Agoravox – Travail le Dimanche : la régression est en marche

Après plusieurs mois d’échanges virulents à l’assemblée, le texte de loi sur le travail dominical, tout juste censuré à minima par le Conseil Constitutionnel, a été publié au journal officiel (JO) le mardi 11 août.

Annoncé pour fin septembre, cette loi phare en emblématique de toute une idéologie à l’oeuvre, a été poussée vers l’avant en pleine période estivale pour une application quasi-immédiate.

Le dimanche 16 août, les modalités du texte pouvaient donc rentrer en application.

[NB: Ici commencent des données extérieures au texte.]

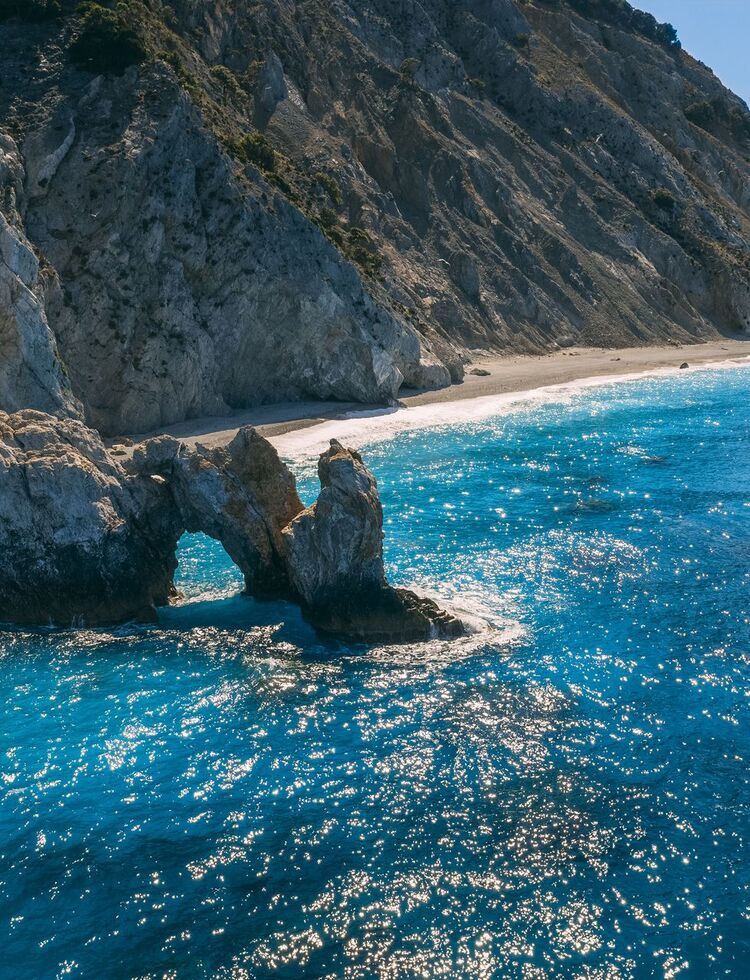 Lalaria, up on the north coast of Skiathos is unique for its smooth, pearly-white pebbles and dramatic cliff setting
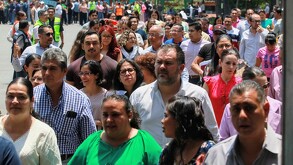 Personas en la calle saliendo de un edificio por un sismo.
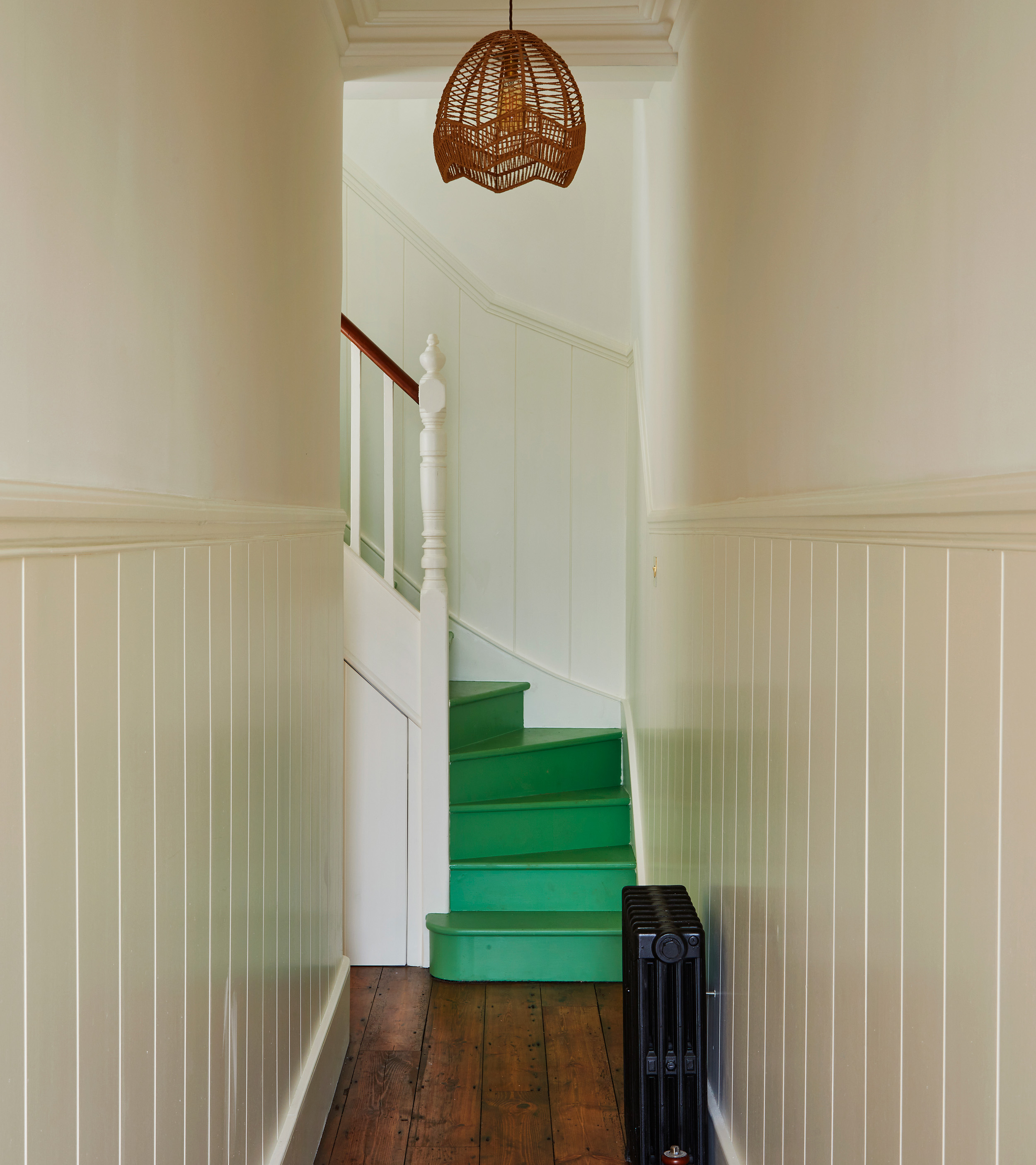 a white narrow hallway with bright green painted stairs
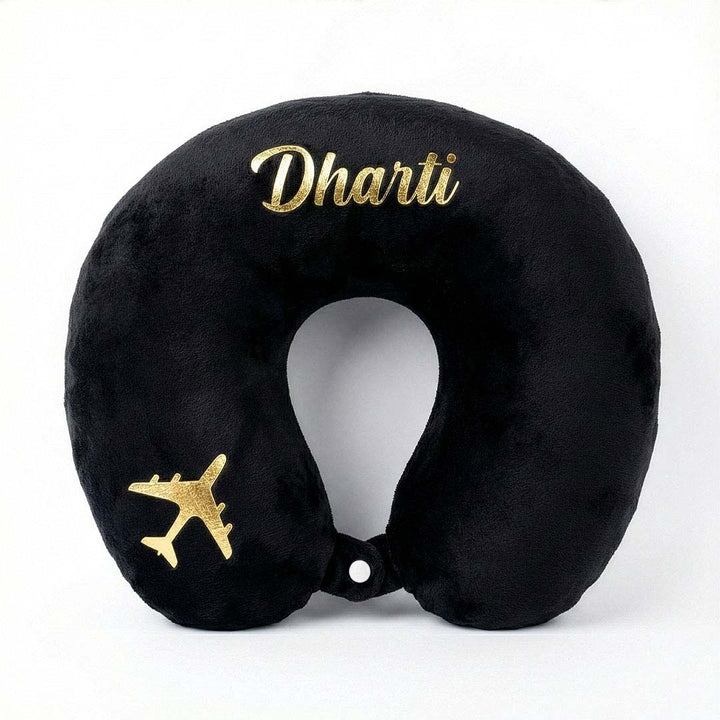 Black travel neck pillow with gold airplane and &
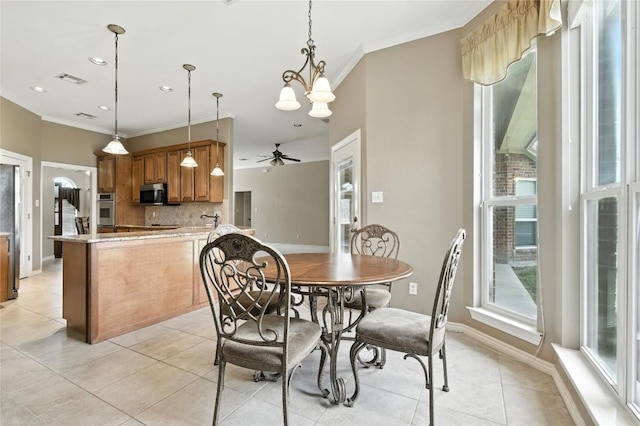 100 Davis Ct, Thorndale, TX 76577 - dining room with crown molding, light tile patterned flooring, ceiling fan, and recessed lighting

I. Un texte de régression sociale

Un bref rappel historique permettra de se remémorer qu’il fallut attendre jusqu’en 1906, après un long conflit social avant que le repos hebdomadaire du dimanche soit obligatoire. Cette journée, non ouvrée, offrait la possibilité à des millions de personnes de bénéficier d’une journée dans leur semaine à ne pas se consacrer à leur travail.

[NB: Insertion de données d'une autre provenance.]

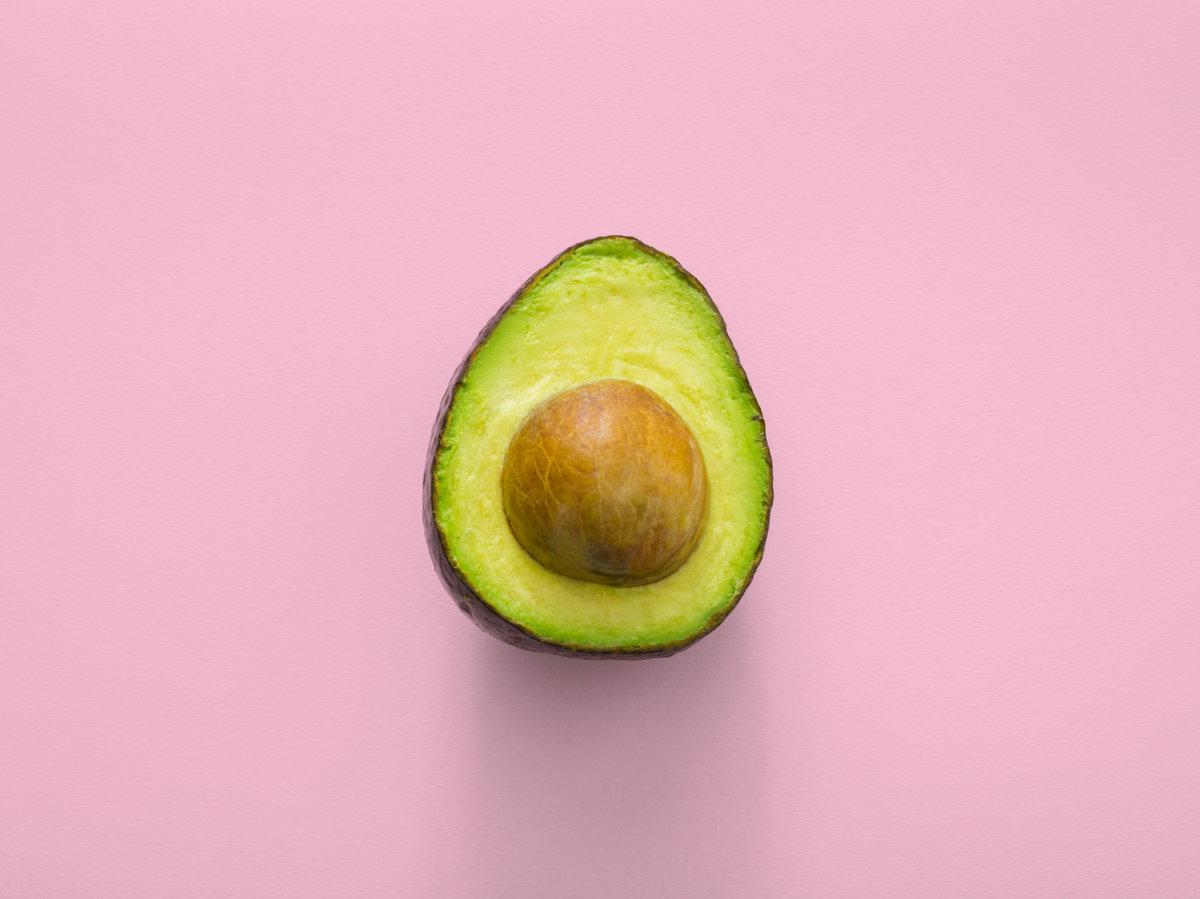 Avocado photo on a pink background Avocado photo on a pink background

En 1936, le Front Populaire mettait en place les premières semaines de congés payés et réduit le temps hebdomadaire de travail de 49 à 40h. En 1956, la 3ème semaine, en 1969 la 4ème semaine, en 1982 la 5ème de congés payés est acquise alors que la semaine ne dure plus que 39h. En 1982, toujours, Mitterrand baisse l’âge de départ à la retraite de 65 à 60 ans.

Enfin, en 2000 la mise en oeuvre de la loi Aubry réduit le temps de travail hebdomadaire à 35h.

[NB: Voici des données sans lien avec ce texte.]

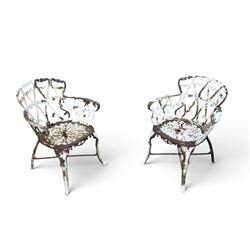 Pair of late 19th century painted cast iron garden chairs, open scroll and heart backs, ornate circular seat, raised on cabriole legs with X stretcher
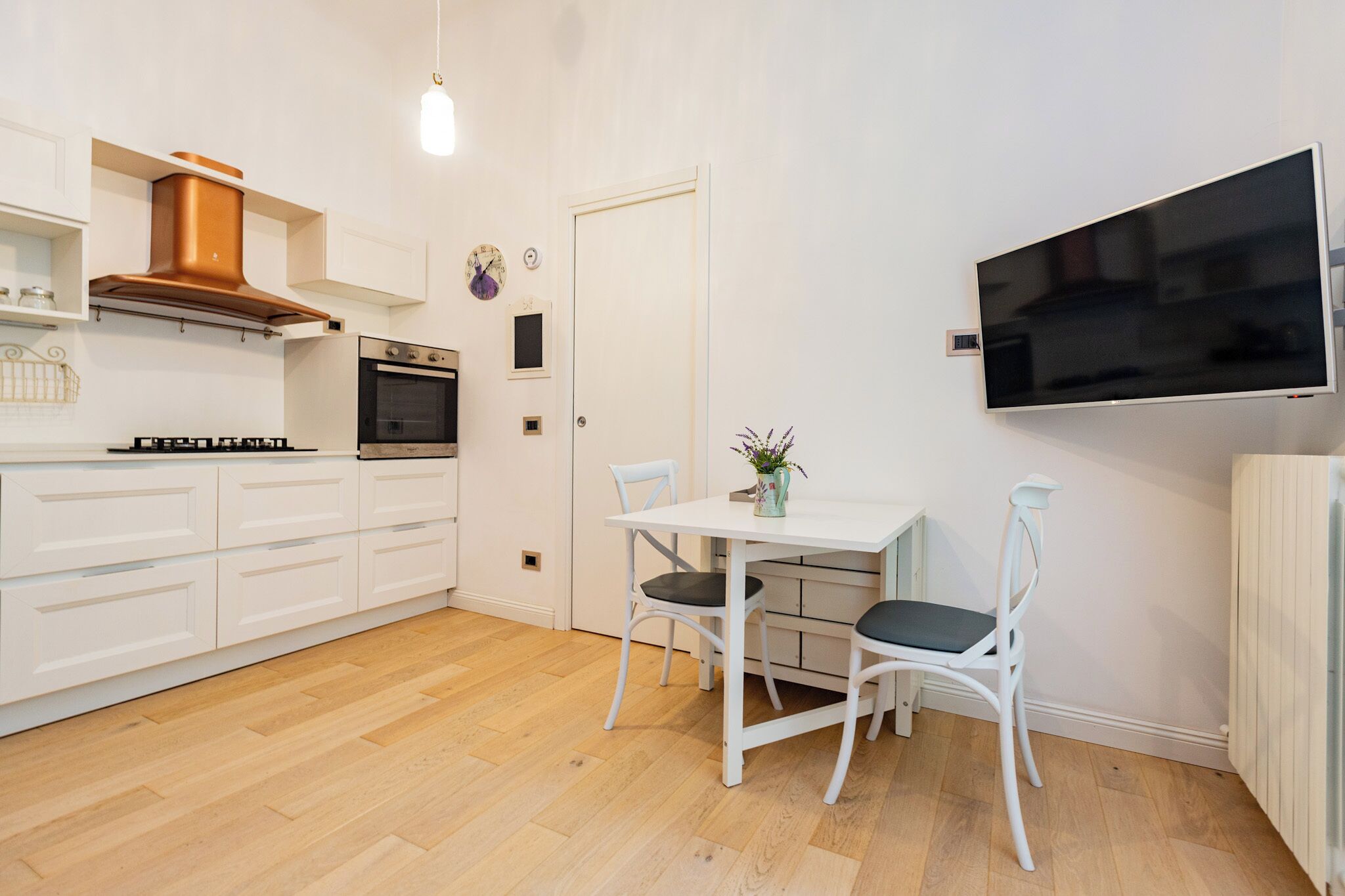 Een moderne keuken met witte kastjes, een koperen afzuigkap, een ingebouwde oven en een eethoek met een tafel en twee stoelen.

Ces diverses lois, souvent acquises de haute lutte, définissent un sens, une orientation de progrès sociale : l’individu tendant à moins consacrer de temps à son obligation « travail », dispose d’un temps plus large pour se consacrer à d’autres activités.

Ces avancées, couplées à l’arrivée de la femme sur le marché du travail, à l’émergence d’une société – et d’une économie – de loisirs, à la diversification des activités notamment vers des champs nouveaux comme le sport « professionnel », ont permis de bâtir un modèle « singulier », que beaucoup d’autres nations dans le monde nous envient.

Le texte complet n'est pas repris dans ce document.